The World Health Organization stated that iron deficiency affects 30% of the world's population. Research scientists from the Australian Centre for Plant Functional Genomics (ACPFG) and IRRI to are working to increase the amount of iron in rice. They have modified three populations of rice by over expressing the genes OsNAS1, OsNAS2 or OsNAS3. The research team found that nicotianamine, iron, and zinc concentration levels increased in all three populations relative to controls.

===Pest resistance===
====Bt rice====
BT rice is modified to express the cryIA(b) gene of the Bacillus thuringiensis bacterium. The gene confers resistance to a variety of pests including the rice borer through the production of endotoxins. The Chinese Government is doing field trials on insect resistant cultivars. The benefit of BT rice is that farmers do not need to spray their crops with pesticides to control fungal, viral, or bacterial pathogens. Conventional rice is sprayed three to four times per growing season to control pests. Other benefits include increased yield and revenue from crop cultivation. China approved the rice for large-scale use as of 2009. Resistance management is needed in southeast Asia to prevent loss of efficacy of Bt in rice.

===Allergy resistance===
Researchers in Japan are attempting to develop hypoallergenic rice cultivars. Researchers are trying to repress the formation of allergen AS-Albumin.

Japanese researchers tested genetically modified rice on macaque monkeys that would prevent allergies to cedar pollen, which causes hay fever. Cedar allergy symptoms include itchy eyes, sneezing and other serious allergic reactions. The modified rice contains seven proteins from cedar pollen (7Crp) to block these symptoms by inducing oral tolerance. Takaiwa is conducting human clinical trials with this 7Crp protein as an oral vaccine.

=== C4 photosynthesis ===
In 2015 a consortium of 12 laboratories in eight countries developed a cultivar that displayed a rudimentary form of C4 photosynthesis (C4P) to boost growth by capturing carbon dioxide and concentrated it in specialized leaf cells. C4P is the reason corn and sugarcane grow so rapidly. Engineering C4 photosynthesis into rice could increase yields per hectare by roughly 50 percent. The current cultivar still relies primarily on C3 photosynthesis. To get them to completely adopt C4P, the plants must produce specialized cells in a precise arrangement: one set of cells to capture the carbon dioxide and to surround other cells that concentrate it. Some (possibly dozens of) genes involved in producing these cells remain to be identified. Other C3P crops that could exploit such knowledge include wheat, potatoes, tomatoes, apples and soybeans.

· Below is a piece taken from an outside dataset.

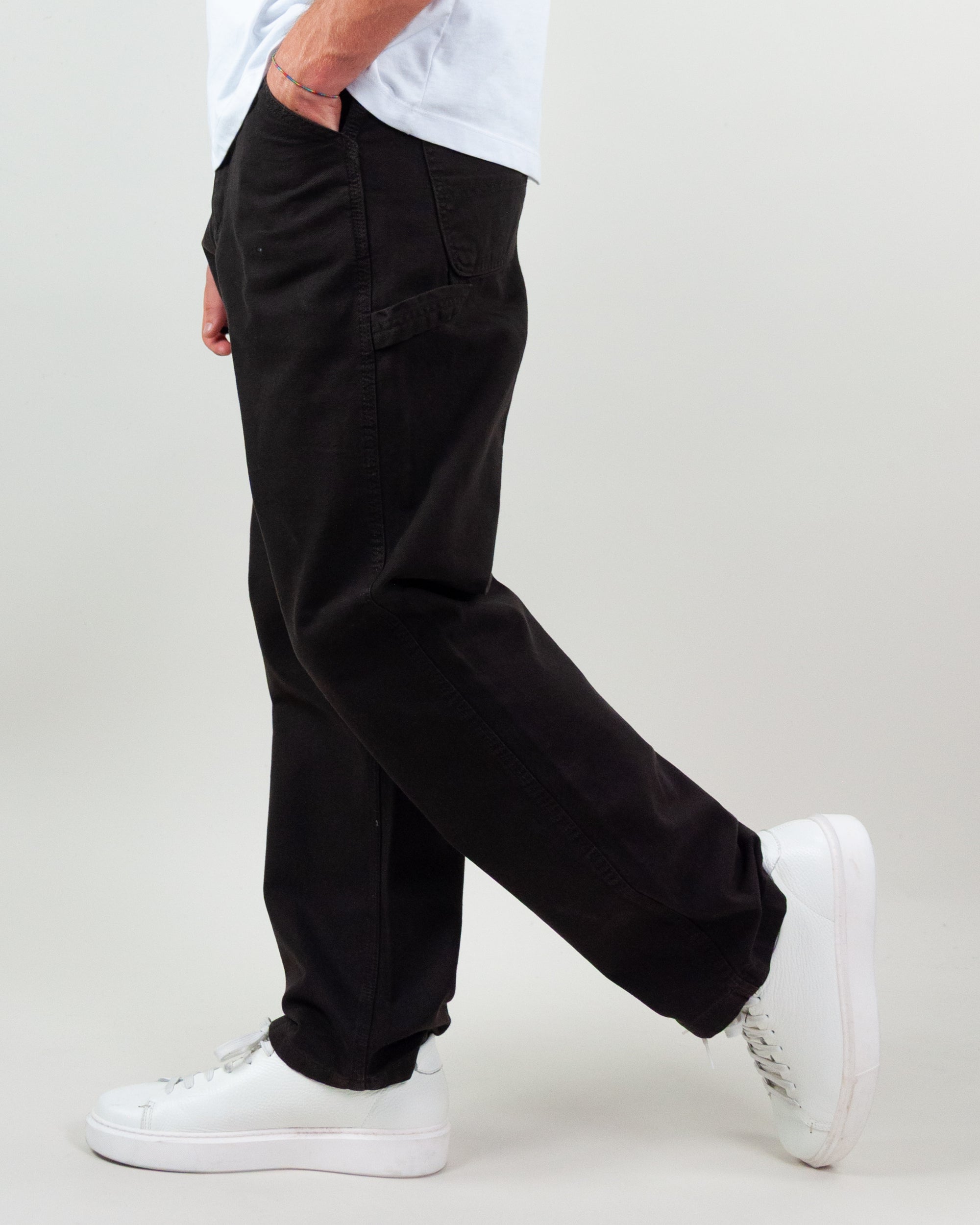 Jeans Jack&amp;Jones Carpenter Art. 12253091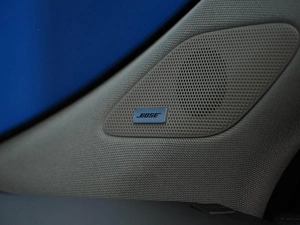 Внедорожник Cadillac XT4 2019 года, 2549777 рублей, Москва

=== Production of recombinant proteins ===
Human serum albumin (HSA) is a blood protein in human blood plasma. It is used to treat severe burns, liver cirrhosis and hemorrhagic shock. It is also used in donated blood and is in short supply around the world. In China, scientists modified brown rice as a cost-effective way to produce HSA protein. The Chinese scientists put recombinant HSA protein promoters into 25 rice plants using Agrobacterium. Out of the 25 plants, nine contained the HSA protein. The genetically modified brown rice makes the same amino acid sequence as HSA. They called this protein Oryza sativa recombinant HSA (OsrHSA). The modified rice was transparent. OsrHSA was soon sold to replace cow albumin for growing cells. Clinical trials were started in China in 2017, and in the US in 2019. The same Oryzogen company makes other recombinant human proteins from rice.

Ventria Bioscience uses a proprietary system known as Express Tec for producing recombinant human proteins in rice grains. Their most notable variety produces human Lactoferrin and Lysozyme. These two proteins are produced naturally in human breast milk and are used globally in infant formula and rehydration products.

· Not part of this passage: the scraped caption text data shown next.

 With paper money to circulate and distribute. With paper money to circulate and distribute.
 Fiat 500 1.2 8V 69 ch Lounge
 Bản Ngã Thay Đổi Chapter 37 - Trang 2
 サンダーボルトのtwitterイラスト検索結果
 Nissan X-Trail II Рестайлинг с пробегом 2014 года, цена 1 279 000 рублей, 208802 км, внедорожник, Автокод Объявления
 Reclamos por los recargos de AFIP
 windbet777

=== Submergence resistance ===
While rice grows in water, it cannot survive floods which in 2010 led to loss of 4 millions of tons of rice in India and Bangladesh alone. Addition of a single gene Sub1A was sufficient to allow rice to survive underwater for up to two weeks. The gene is in the public domain.

=== Salt tolerance ===
Salt-tolerant rice has been successfully cultivated in soils containing 4 grams of salt per kilogram. This involved tweaking the interaction of two genes.

===Experimental===
Herbicide-induced oxidative stress has been experimentally mitigated in vivo in a high-melatonin transgenic model. Overexpression of oxalate oxidase increased in vivo resistance to Rhizoctonia solani.

== Legal issues ==
===United States===
In the summer of 2006, the USDA detected trace amounts of LibertyLink variety 601 in rice shipments ready for export. LL601 was not approved for food purposes. Bayer applied for deregulation of LL601 in late July and the USDA granted deregulation status in November 2006. The contamination led to a dramatic dip in rice futures markets with losses to farmers who grew rice for export. Approximately 30 percent of rice production and 11,000 farmers in Arkansas, Louisiana, Mississippi, Missouri and Texas were affected. In June 2011 Bayer agreed to pay $750 million in damages and lost harvests. Japan and Russia suspended rice imports from the U.S., while Mexico and the European Union refused to impose strict testing. The contamination occurred between 1998 and 2001. The exact cause of the contamination was not discovered.

===China===
The Chinese government does not issue commercial usage licenses for genetically modified rice. All GM rice is approved for research only. Pu, et al., stated that rice engineered to produce human blood protein (HSA) requires a lot of modified rice to be grown. This raised environmental safety concerns about gene flow. They argued that this would not be a problem because rice is a self-pollinating crop, and their test showed less than 1% of the modified gene transferred in pollination. Another study suggested that insect-mediated gene flow may be higher than previously assumed.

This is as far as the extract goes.